(Stored items from a collection)

━━━━━━━━━━

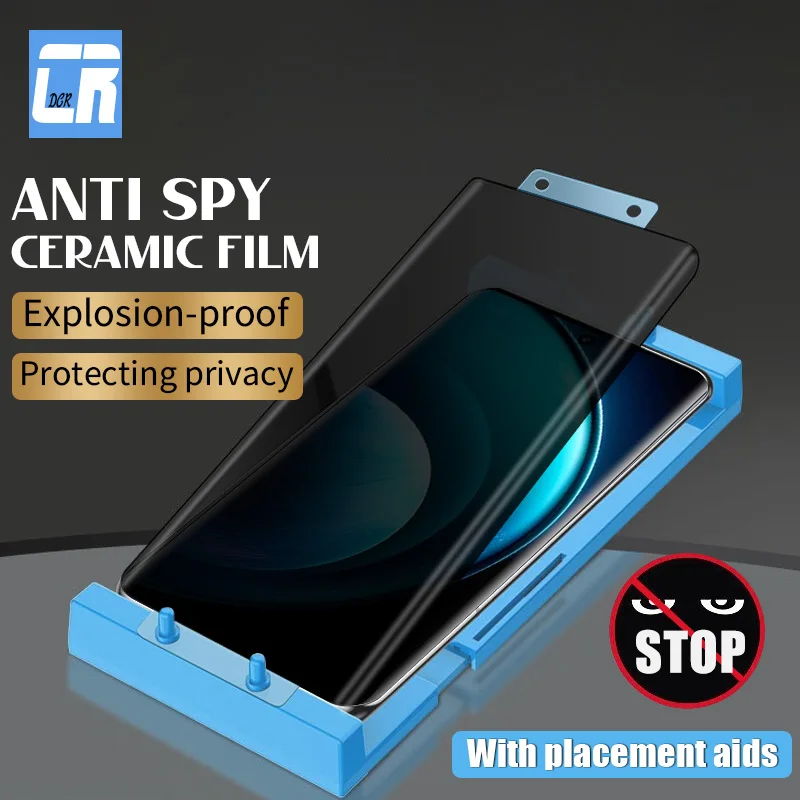 3D Curved Anti Spy Ceramic Soft Film For Vivo X100 Pro X90 X80 X70 Pro Privacy Screen Protector for VIVO S18 S17 Pro With tools
3D Curved Anti Spy Ceramic Soft Film For Vivo X100 Pro X90 X80 X70 Pro Privacy Screen Protector for VIVO S18 S17 Pro With tools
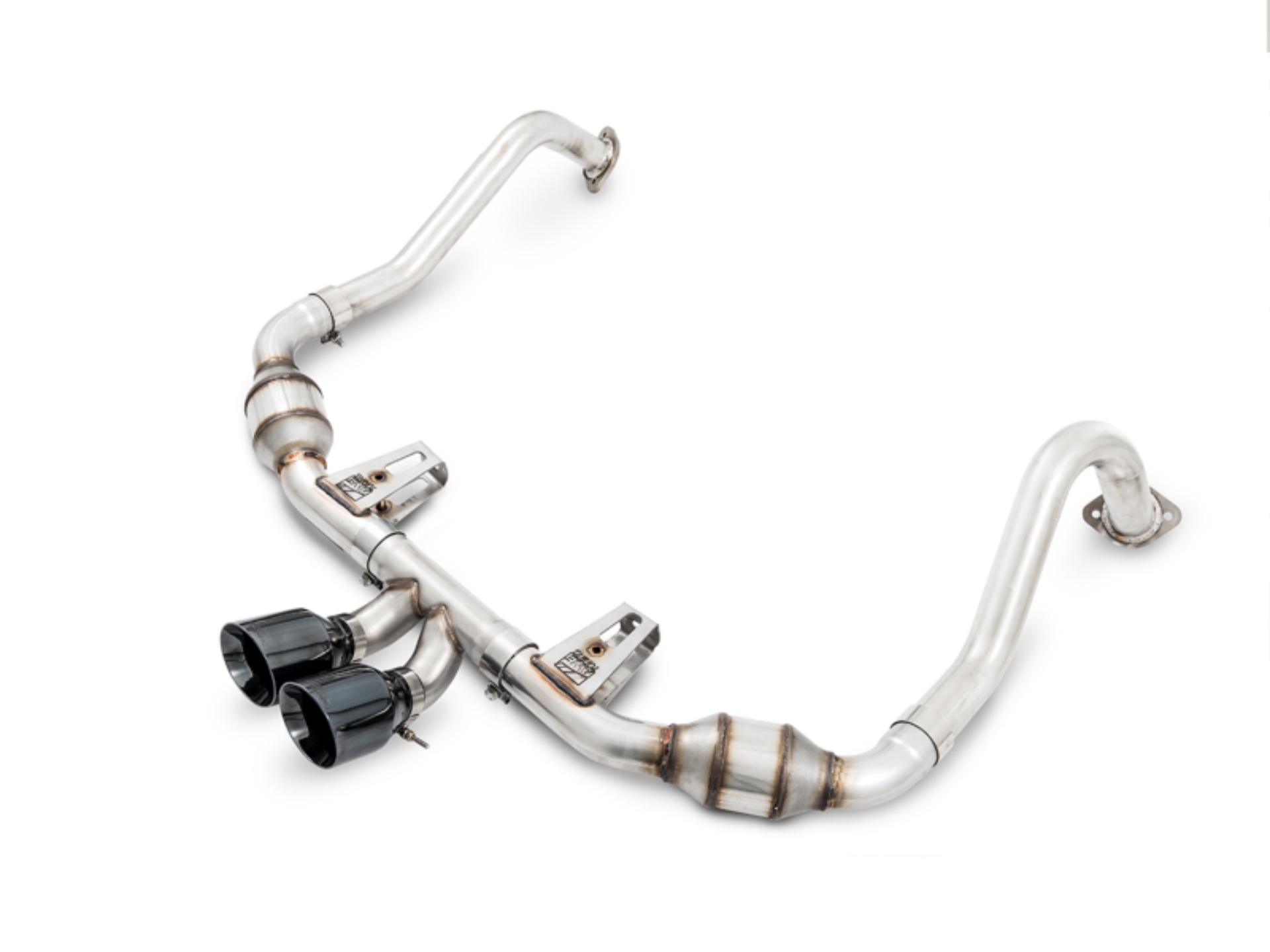 Picture of AWE Tuning Porsche 718 Boxster / Cayman Touring Edition Exhaust - Diamond Black Tips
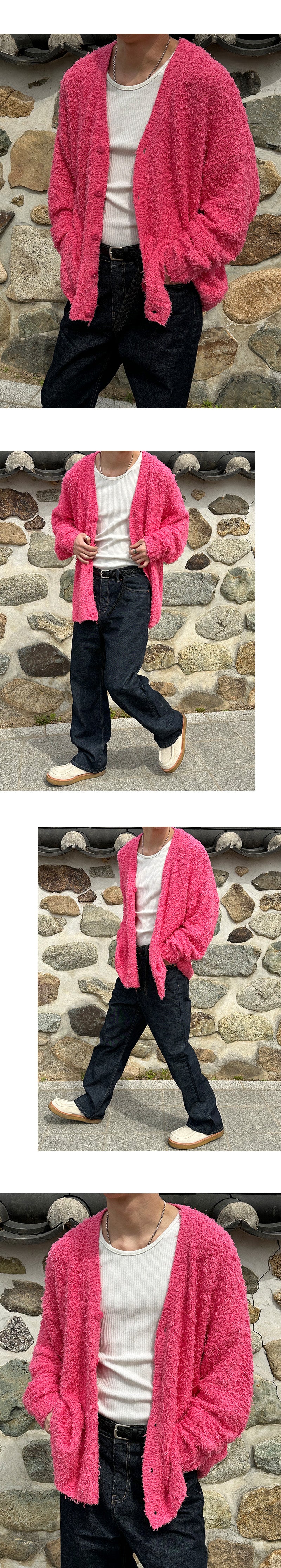 [Unisex] Soft boucle overfit cardigan(3color)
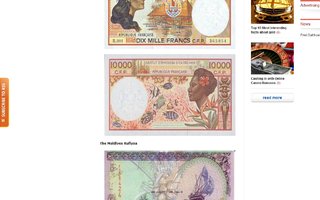 Money from around the world | Did you ever wonder how money from French Polynesia look? Did you ever wonder how Maldives money look?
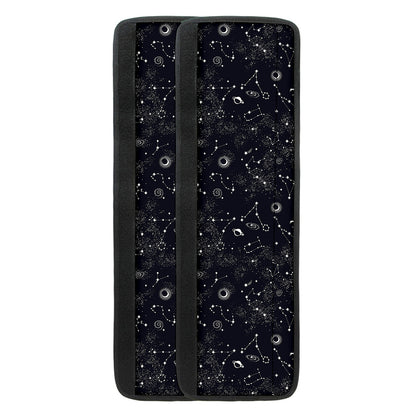Constellation Space Pattern Print Refrigerator Handle Covers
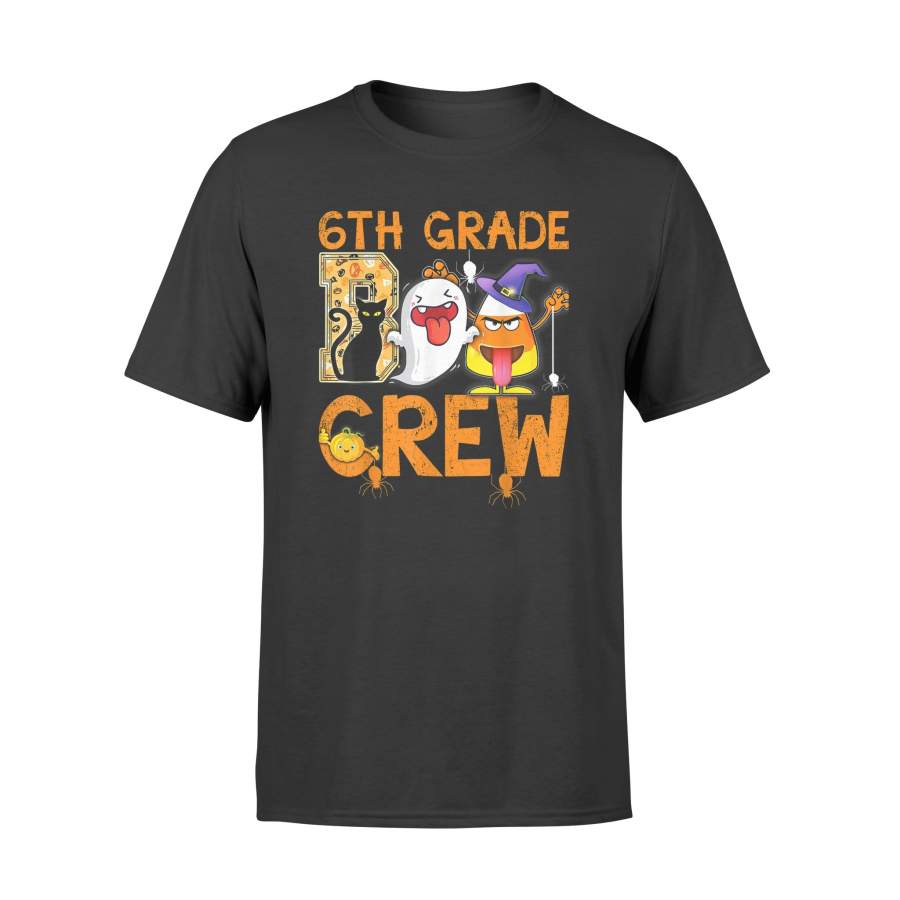 YOLOstuff Black Cat Pumpkin Candy Ghost 6th Grade BOO Crew T-shirt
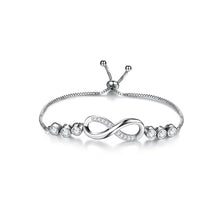 Load image into Gallery viewer, Fashion Temperament Infinity Symbol Bracelet with Cubic Zirconia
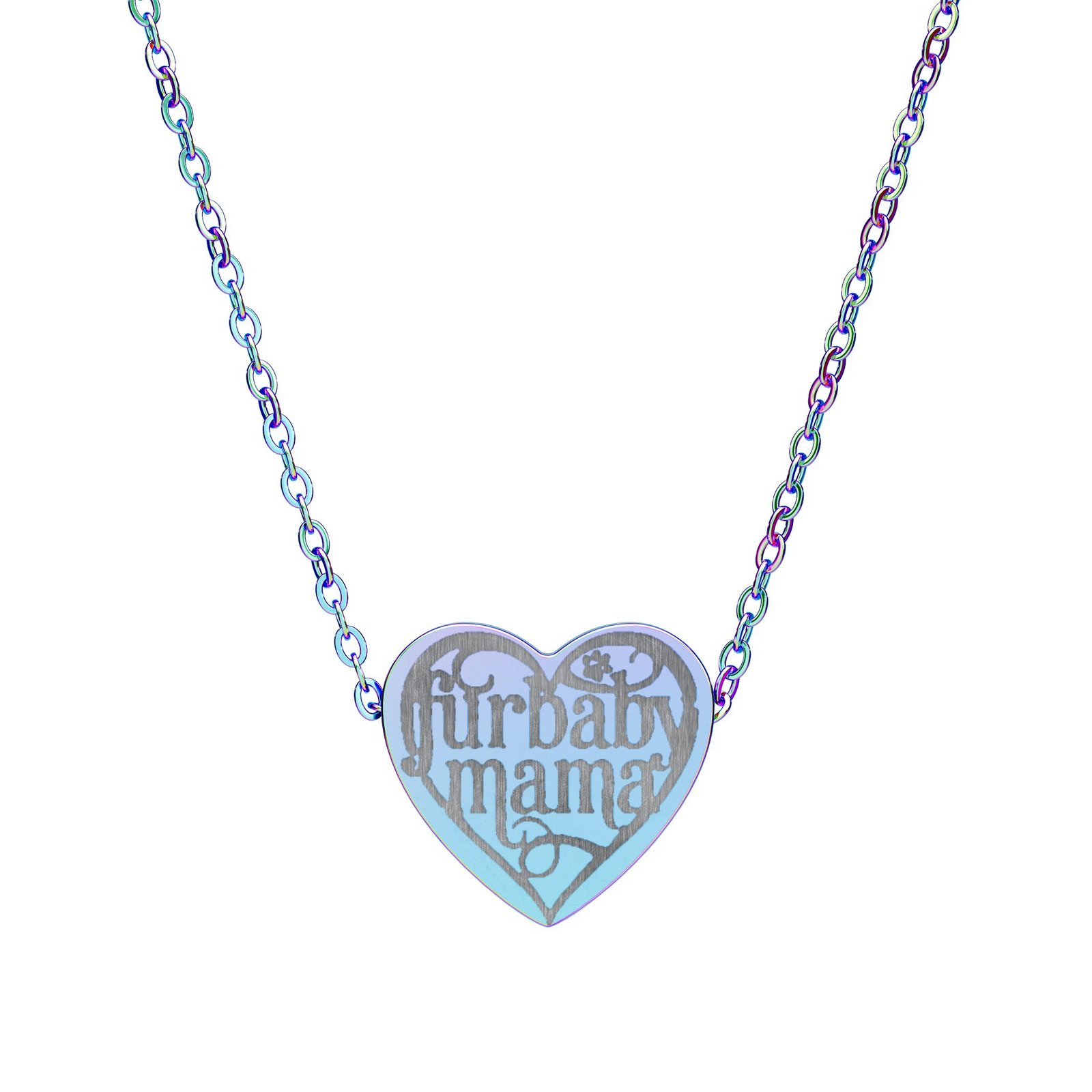 Engraved Heart Necklace for Furbaby Moms - Image 6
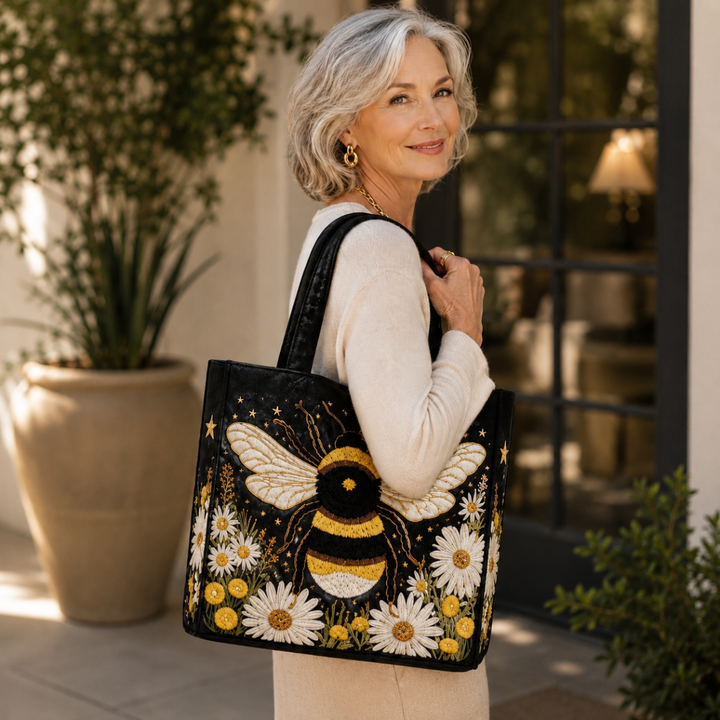 Artisan Tote - Bij met Margrieten en Sterren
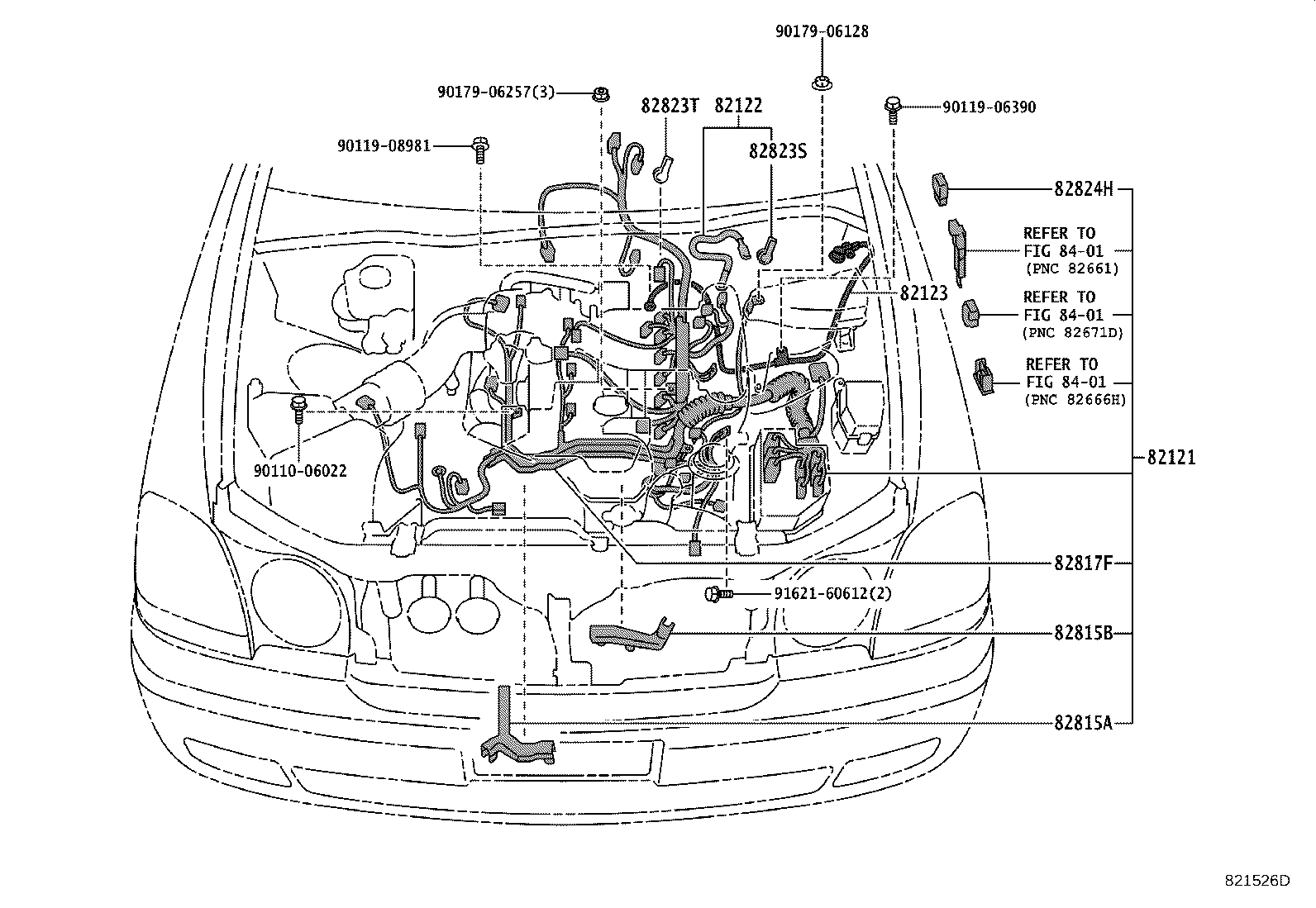 82817-51050 PROTECTOR, WIRING HARNESS, NO.2 product image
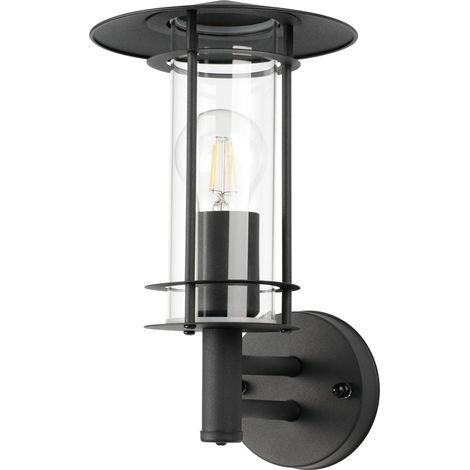 Applique murale Lisio 1, lampe murale intérieure, lampe chambre, acier (1/3)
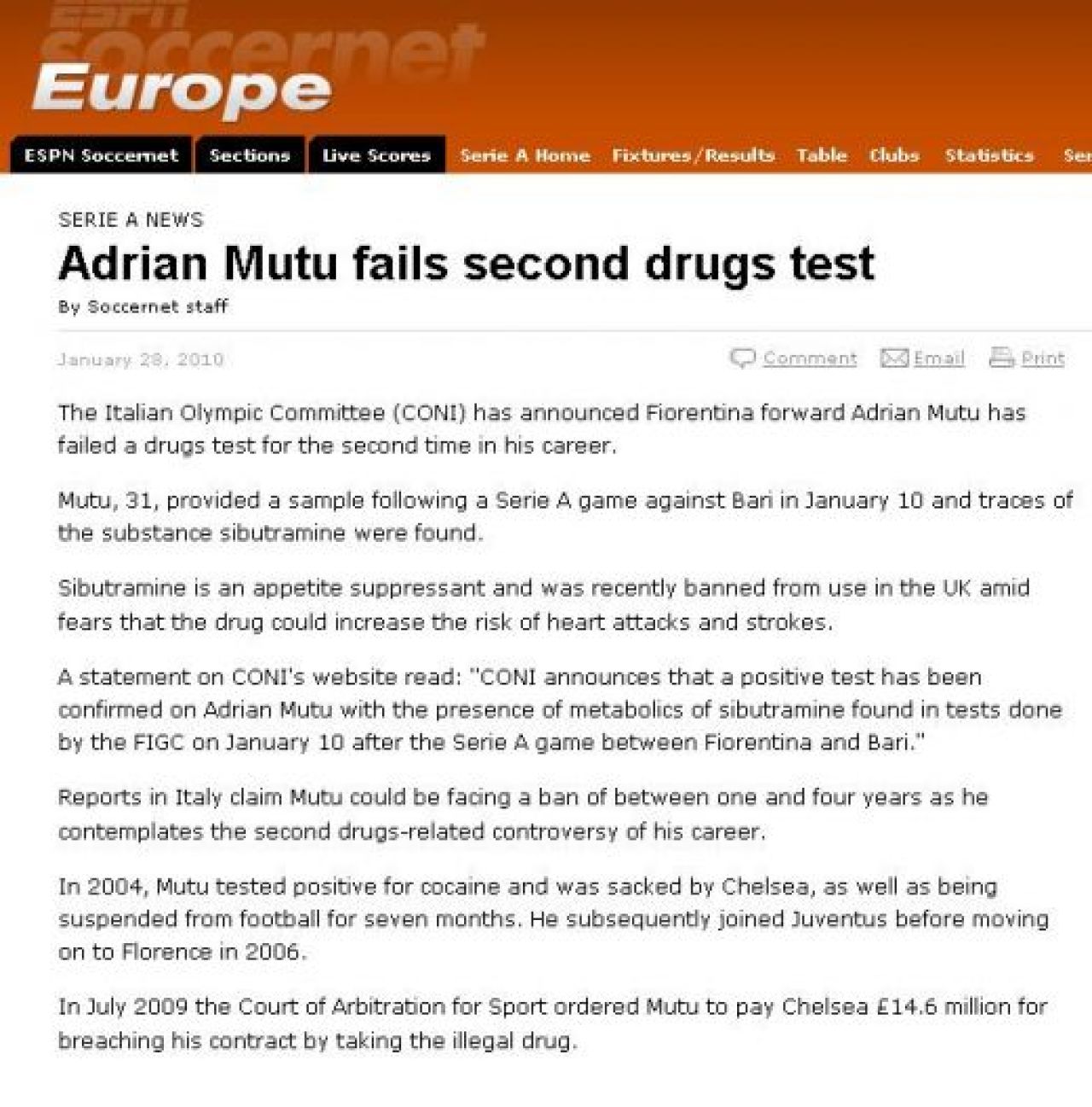 Mutu, cariera TERMINATA?! TheSun:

━━━━━━━━━━

▸ **Problem statement**
Which lines run from the one containing "82817-51050 PROTECTOR, WIRING" through the last line of the entries above? Output them exactly, both ends included, with no pictures.

▸ **Answer section**
 82817-51050 PROTECTOR, WIRING HARNESS, NO.2 product image
 Applique murale Lisio 1, lampe murale intérieure, lampe chambre, acier (1/3)
 Mutu, cariera TERMINATA?! TheSun:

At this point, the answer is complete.